In cytometry, quantitative interpretation of cell function and morphology at a single-cell level can be accomplished through many different approaches that range in how the detectors function, excitation light is delivered, cells are moved (fluidics), and data are processed. Moreover, cytometers have been adapted for imaging, mass spectrometry, full spectral analyses, unique sorting/lab-on-a-chip approaches, and machine learning. Yet among the plethora of ways a cell can be quantified as it passes a laser beam, fluorescence decay is rarely captured. The average time fluorescent molecules within the cell spend in the excited state is typically ignored because of the challenges related to evaluating fluorescence lifetimes at a high throughput. Over several years, our laboratory has taken cytometers and introduced a variety of lifetime technologies onto these systems for analysis and sorting. Lifetime sensing with cytometry is achievable using a wide range of cytometric architectures. Some examples of these approaches will be discussed, as will new protocols and applications we are developing. The main cellular assays that we focus on include measurements of Förster resonance energy transfer and metabolic mapping of cells by NAD(P)H lifetime sensing. It is non-trivial to capture heterogeneous time-resolved information from several different excitable molecules when excitation is observed from single cells and particles in fluidic states. Therefore, the opportunities for addressing such challenges will also be presented. Additionally, the experiences had by Dr. Houston during her career will be discussed including current opportunities for diversifying academia and the challenges for women in engineering.

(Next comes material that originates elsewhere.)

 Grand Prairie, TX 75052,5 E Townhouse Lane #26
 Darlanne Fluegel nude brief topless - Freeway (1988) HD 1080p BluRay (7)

- Discuss the benefits of time resolved flow cytometry
- Compare and contrast lifetime analysis for imaging and cell sorting
- List various ways in which lifetime as a cytometric parameter enhances cytometry assays and protocols
- Discuss current challenges faced in academia by women in STEM
- List opportunities for enhancing diversity at your institution and developing plans for inclusion and equity.
Who Should Attend
The broad cytometry community and scientists interested in topics related to diversity and inclusion.